This is the mail archive of the
libc-alpha@sourceware.org
mailing list for the glibc project.
RE: [PATCH][AArch64] Add optimized memchr
- From: "Wilco Dijkstra" <wdijkstr at arm dot com>
- To: 'Ondřej Bílka' <neleai at seznam dot cz>
- Cc: "'GNU C Library'" <libc-alpha at sourceware dot org>
- Date: Mon, 28 Sep 2015 10:23:19 +0100
- Subject: RE: [PATCH][AArch64] Add optimized memchr
- Authentication-results: sourceware.org; auth=none
- References: <002d01d0f795$0ce77eb0$26b67c10$ at com> <20150926084544 dot GA31280 at domone>
> Ondřej Bílka wrote:
> On Fri, Sep 25, 2015 at 02:21:13PM +0100, Wilco Dijkstra wrote:
> > An optimized memchr was missing for AArch64. This version is similar to strchr and is
> significantly
> > faster than the C version. Passes GLIBC tests.
> >
> > OK for commit?
> >
> > ChangeLog:
> > 2015-09-25 Wilco Dijkstra <wdijkstr@arm.com>
> > 2015-09-25 Kevin Petit <kevin.petit@arm.com>
> >
> > * sysdeps/aarch64/memchr.S (__memchr): New file.
>
> How you tested performance. I think that also here loading first 32
> bytes unaligned should be better.
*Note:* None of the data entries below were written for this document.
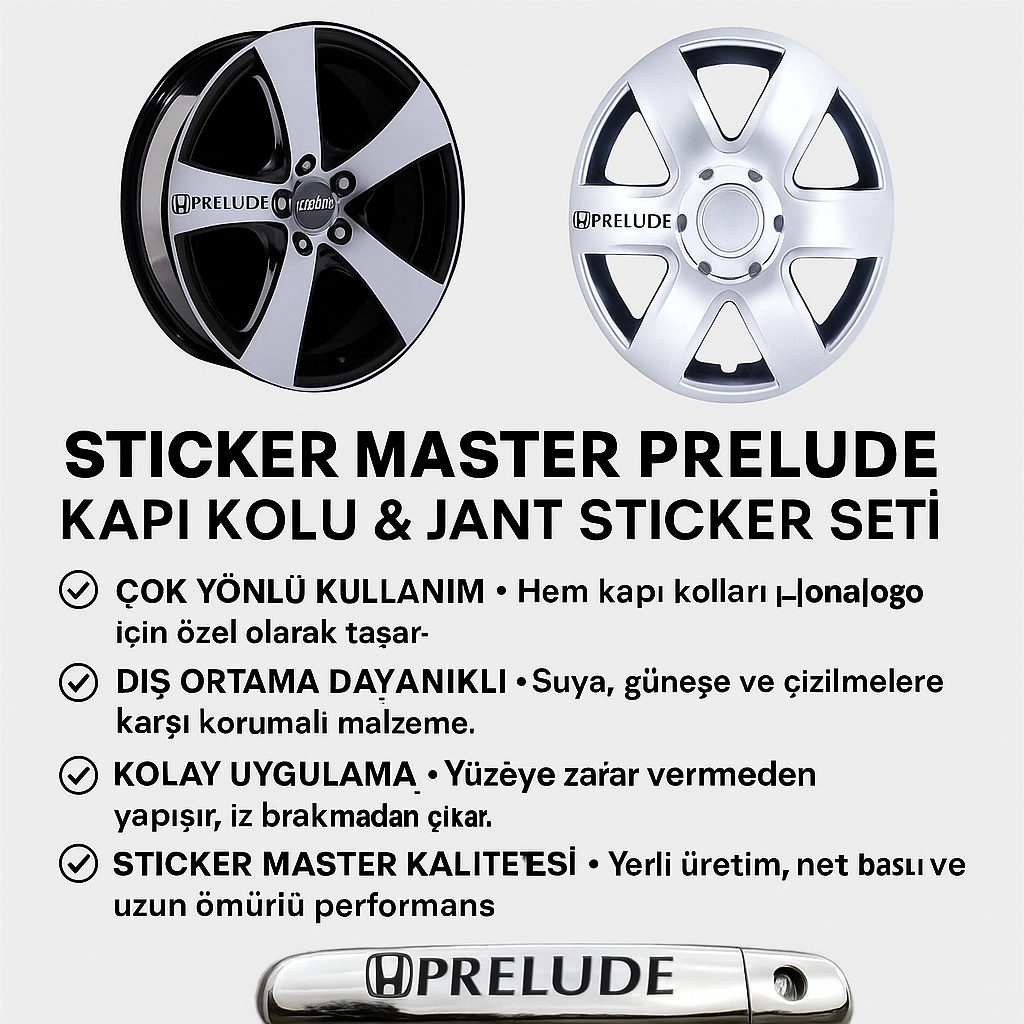 Sticker Master Prelude Kapı Kolu & Jant Sticker Seti – Araç Modifiye ve Dekoratif Etiket (10 Adet)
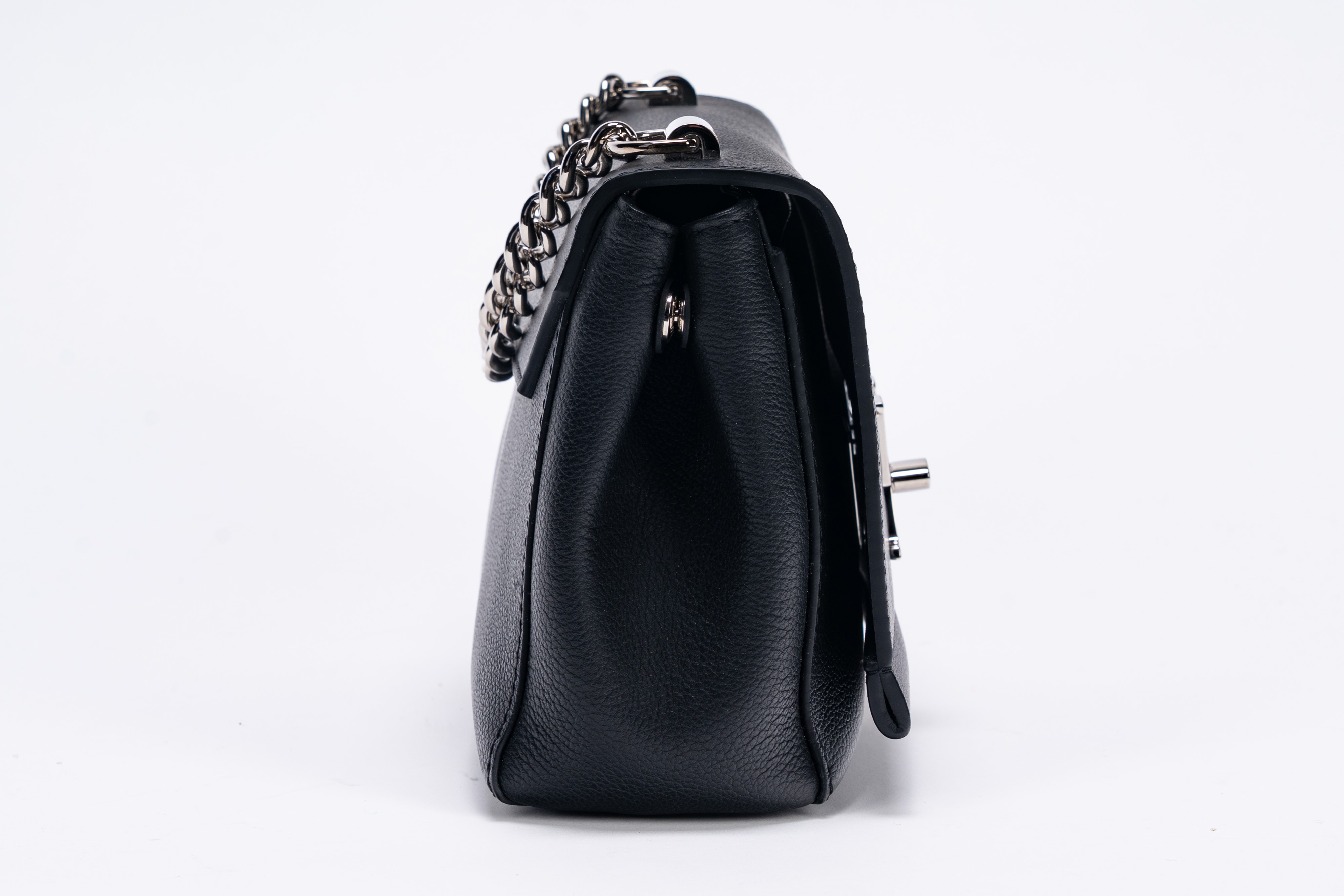 Louis Vuitton - Borsa Lockme, in pelle nera con manico a catena metallica, tracolla staccabile (2...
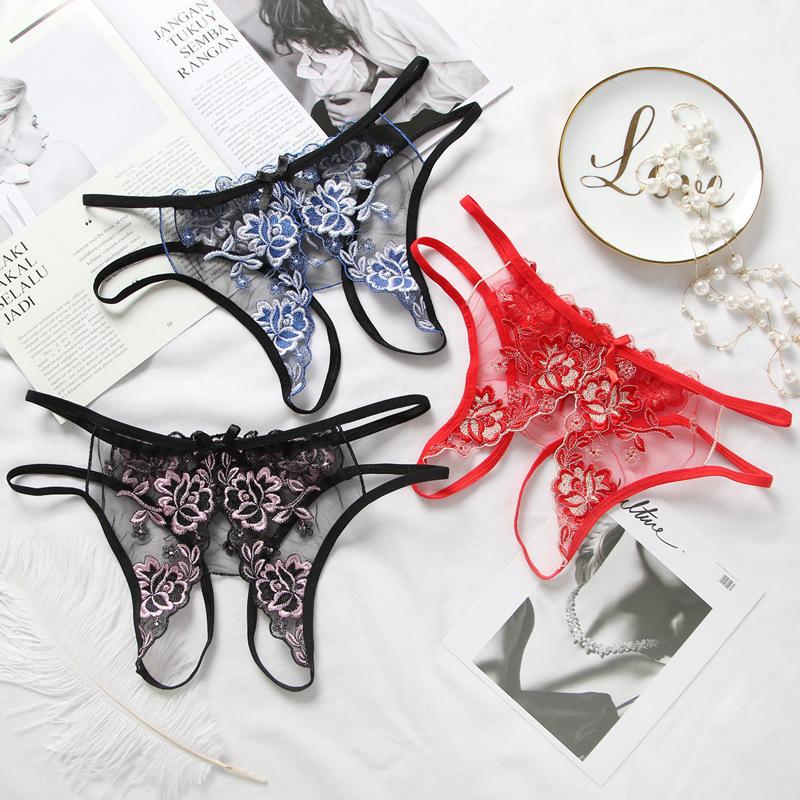 Sexy lingerie women's sexy open crotch thong embroidered seduction perspective panties women's low waist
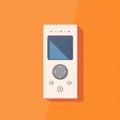 Flat image of an MP3 player on an orange background. Simple vector icon of an MP3 player. Digital illustration. Royalty Free Stock Photo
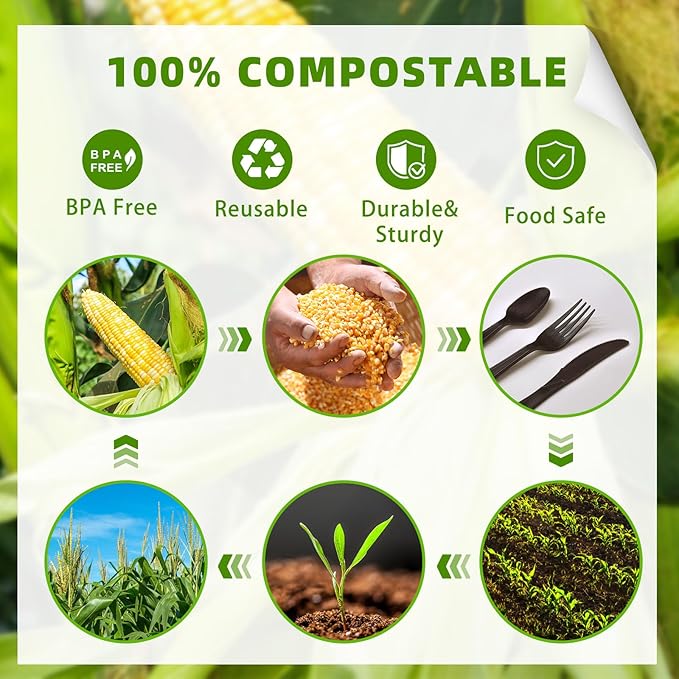 Black Compostable Silverware, 300 Count Compostable Utensils, Plastic 120 Forks 120 Spoons 60 Knives,Non Plastic Utensil, Eco Friendly Disposable Silverware for Party Office Wedding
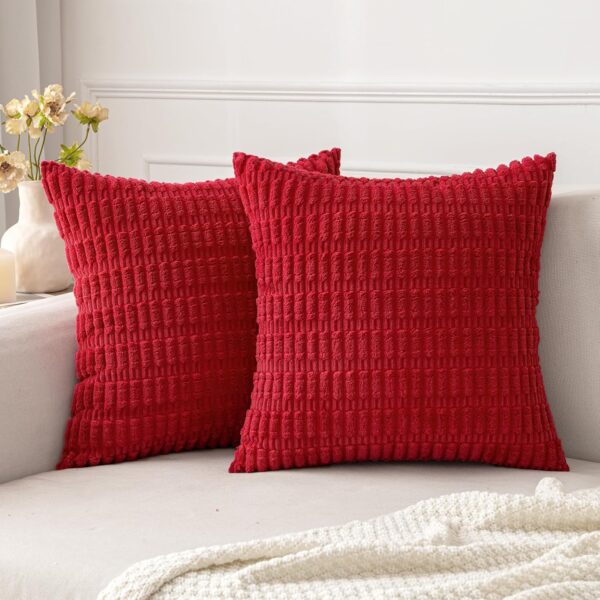 Pack of 2 Red Corduroy Decorative Christmas Pillow Covers 18x18 Inch 1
Could you use dryrun to verify?
>
> Also same optimization could be used for memrchr.
I haven't tuned this at all, this is an existing implementation that
was added to Newlib last year but not yet ported to GLIBC.
For maximum performance doing the first 16/32 bytes unaligned will likely
be fastest just like it was for strlen.
Wilco